__TASK DESCRIPTION__
Beginning with the line containing "Travel Neck Pillow" and going on through the line containing "Sweet Bloom Bouquet Short Dress", the lines below are to be returned exactly, pictures excluded and nothing added.

__MATERIAL PROVIDED__
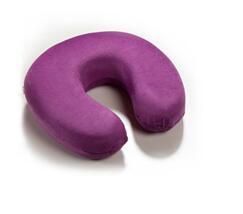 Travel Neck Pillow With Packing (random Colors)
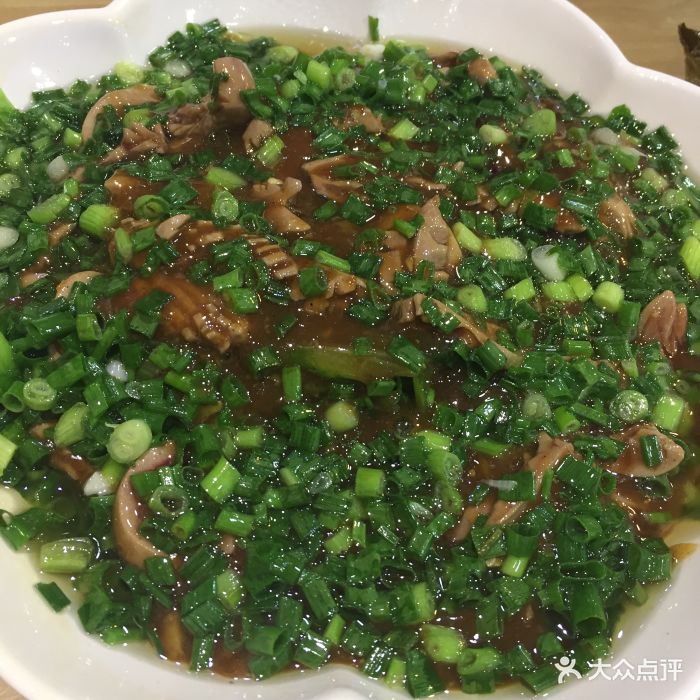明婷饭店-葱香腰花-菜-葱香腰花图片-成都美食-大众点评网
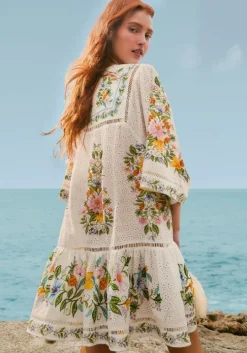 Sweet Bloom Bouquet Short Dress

* * *

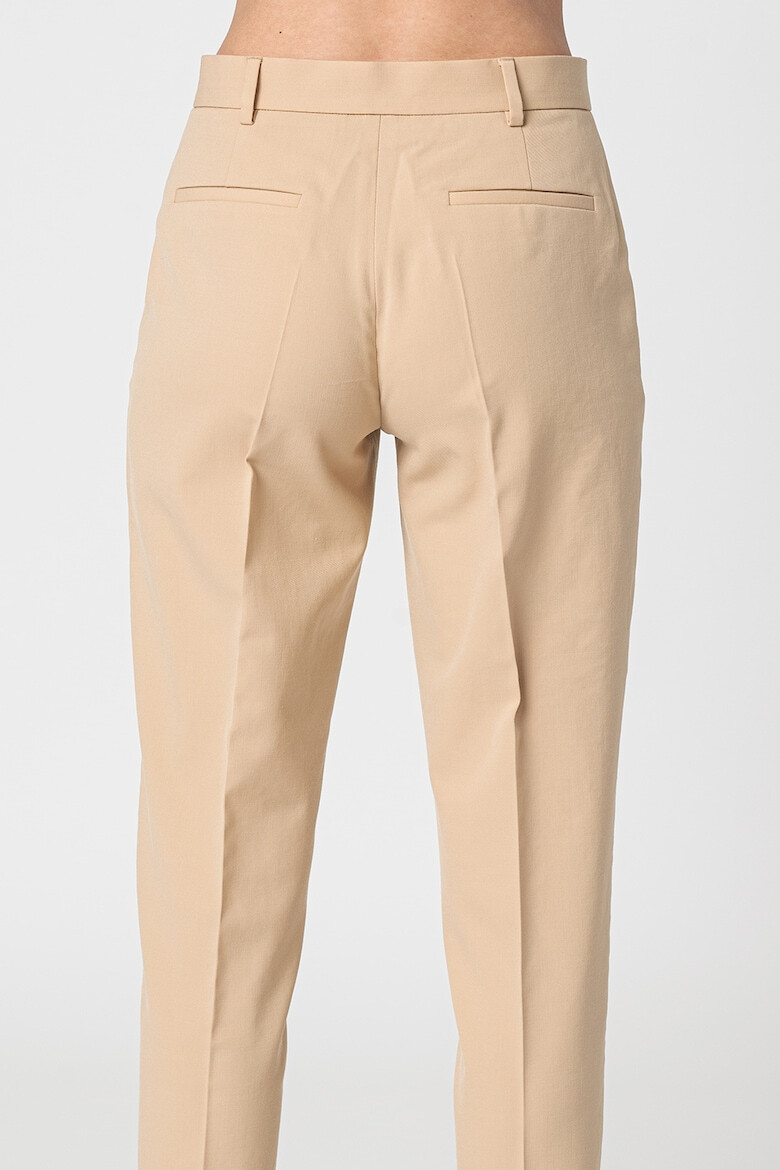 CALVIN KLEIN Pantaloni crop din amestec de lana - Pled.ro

...

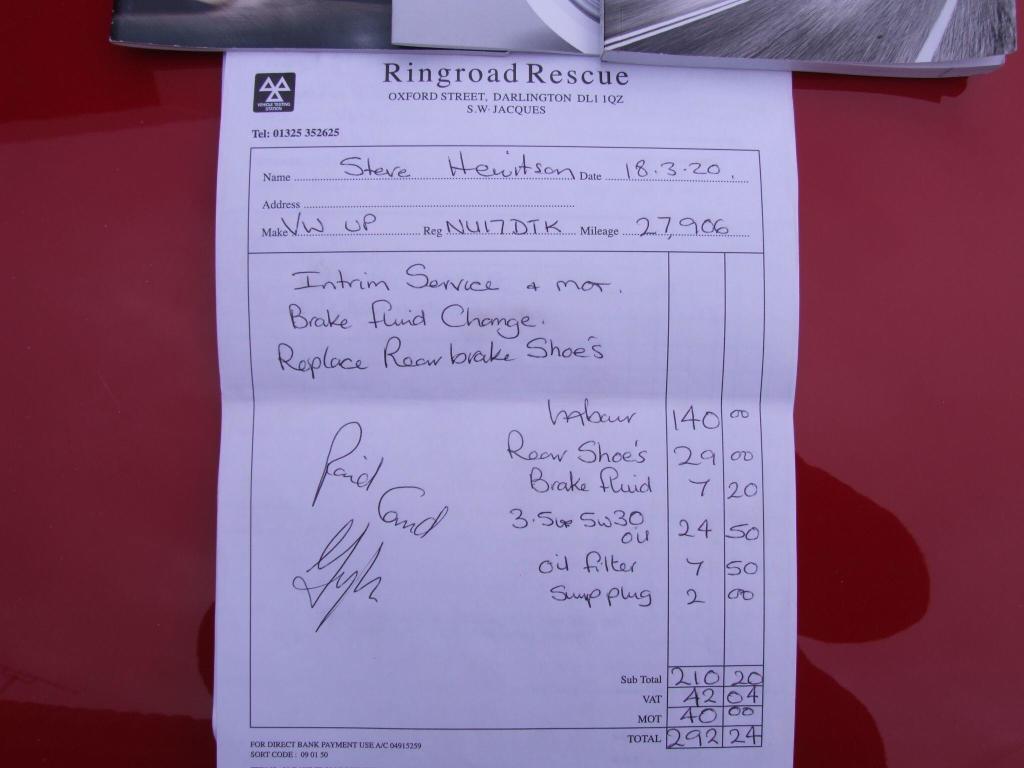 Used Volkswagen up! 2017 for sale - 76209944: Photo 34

__EXERCISE SOLUTION__
 Travel Neck Pillow With Packing (random Colors)
明婷饭店-葱香腰花-菜-葱香腰花图片-成都美食-大众点评网
 Sweet Bloom Bouquet Short Dress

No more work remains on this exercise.